### DATA FOR REVIEW
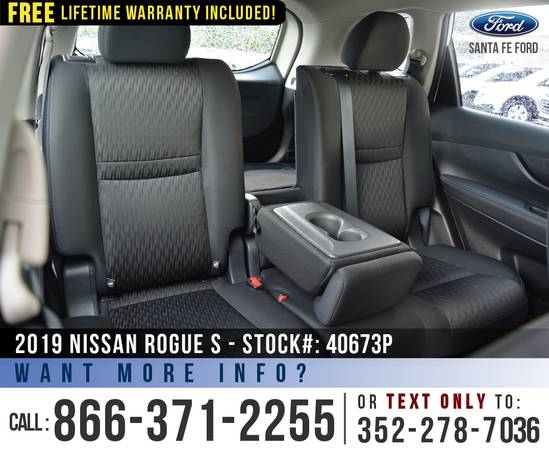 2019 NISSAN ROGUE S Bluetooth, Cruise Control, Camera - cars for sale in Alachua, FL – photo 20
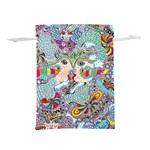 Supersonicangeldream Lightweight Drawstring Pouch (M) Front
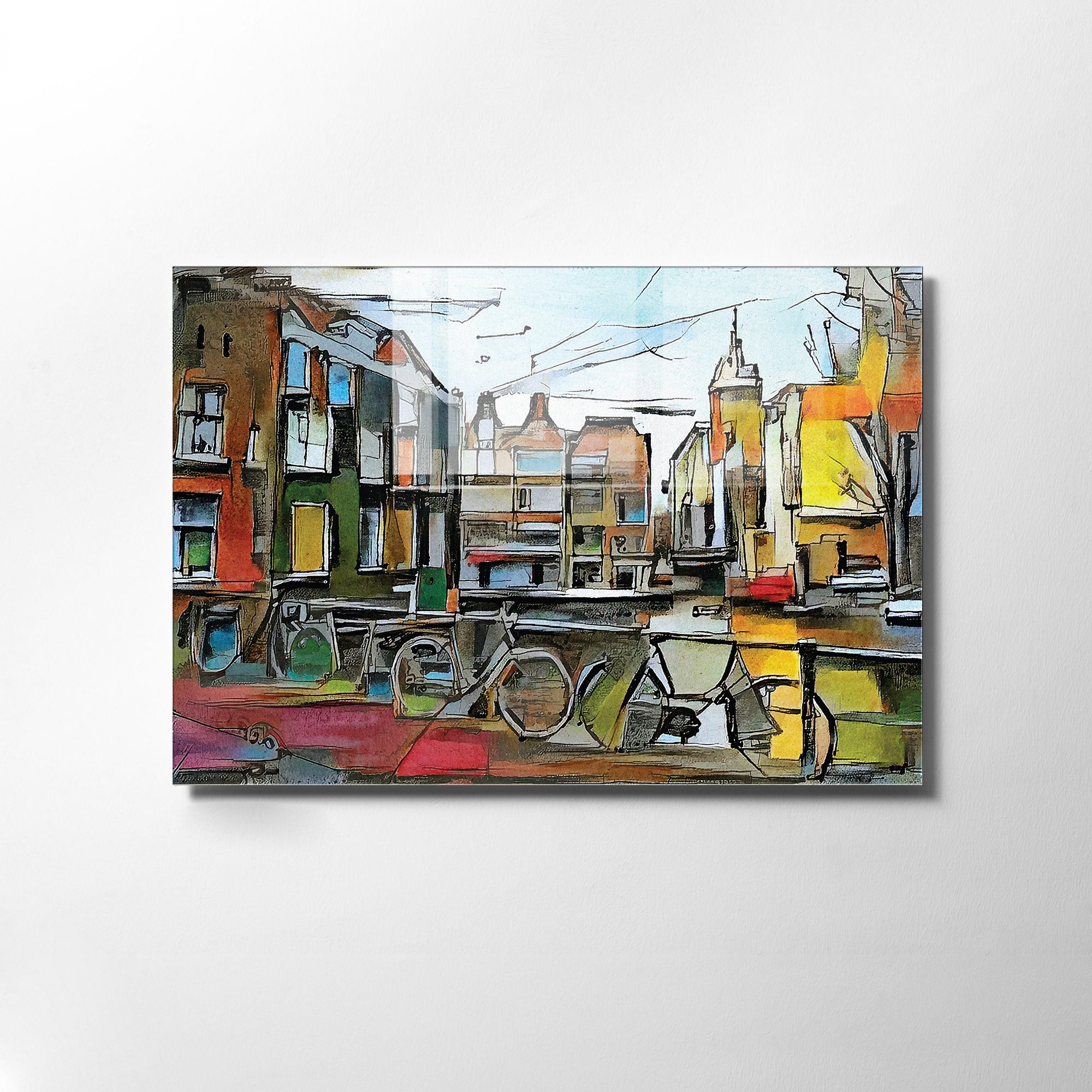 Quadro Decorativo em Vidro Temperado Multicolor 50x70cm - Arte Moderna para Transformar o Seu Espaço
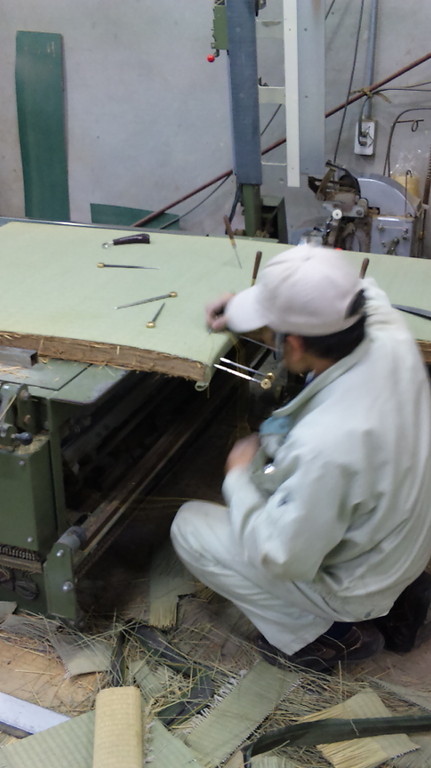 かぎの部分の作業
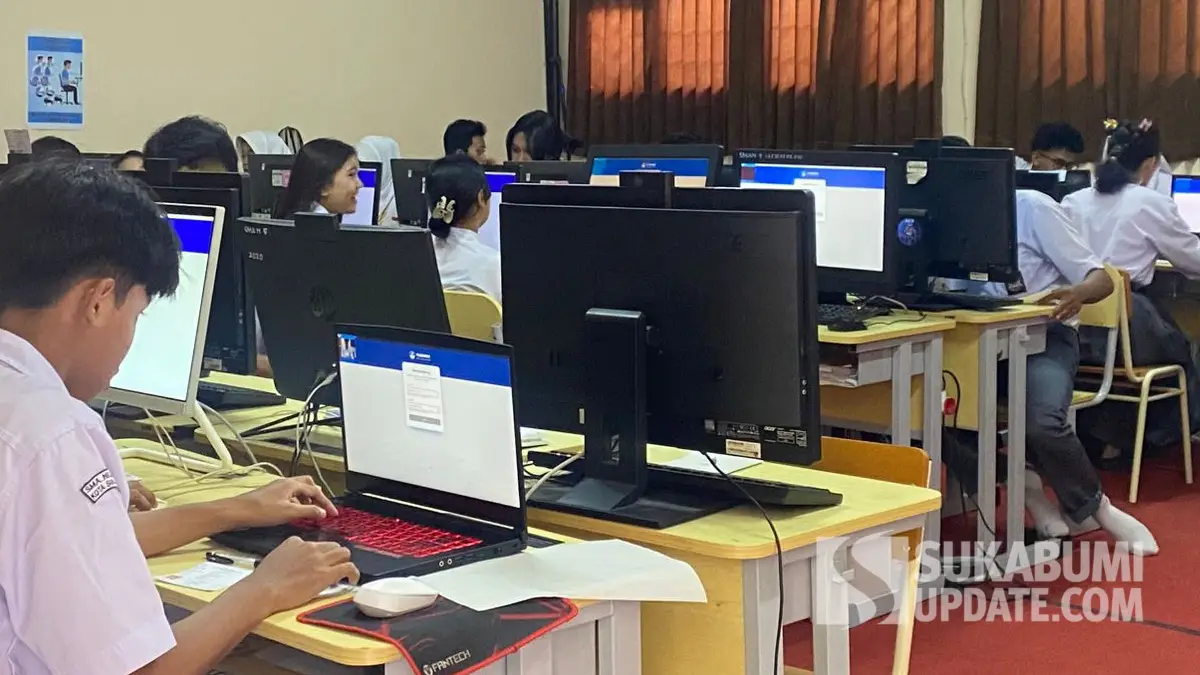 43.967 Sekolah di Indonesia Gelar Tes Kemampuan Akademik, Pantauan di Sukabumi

---

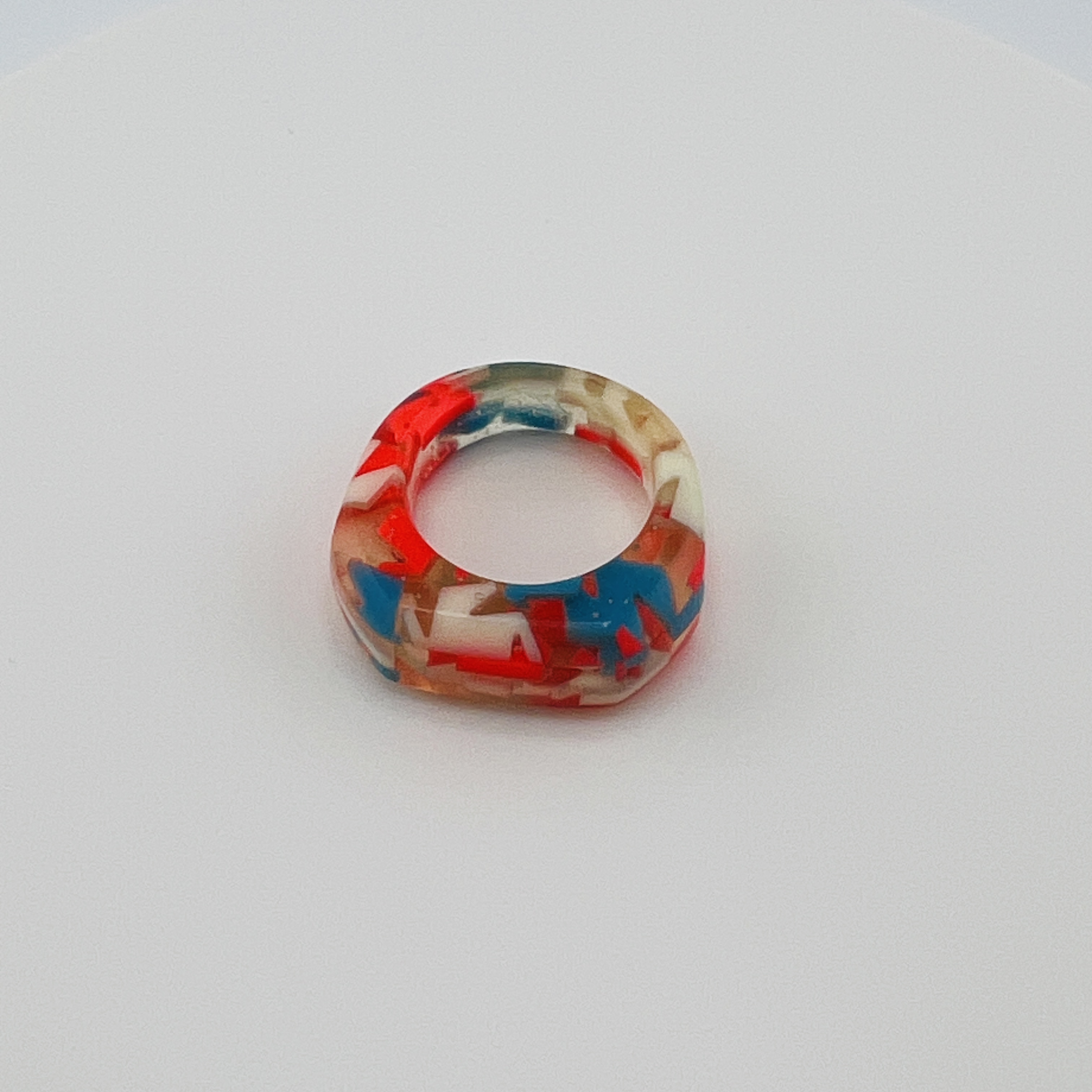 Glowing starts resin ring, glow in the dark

...

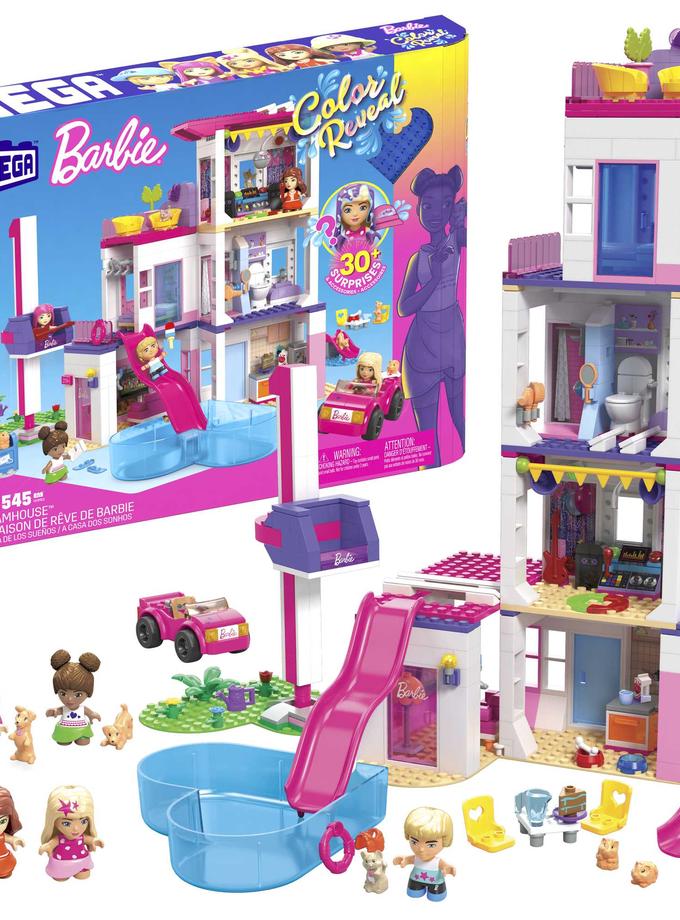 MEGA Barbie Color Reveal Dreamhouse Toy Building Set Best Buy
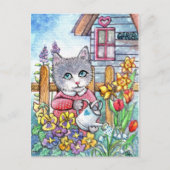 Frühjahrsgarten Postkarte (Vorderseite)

### WORK ITEM
Copy everything above from the line holding "MEGA Barbie Color" down to the line holding "Frühjahrsgarten Postkarte (Vorderseite)", both ends included, exactly as it stands and without the pictures.

### ANSWER BELOW
 MEGA Barbie Color Reveal Dreamhouse Toy Building Set Best Buy
 Frühjahrsgarten Postkarte (Vorderseite)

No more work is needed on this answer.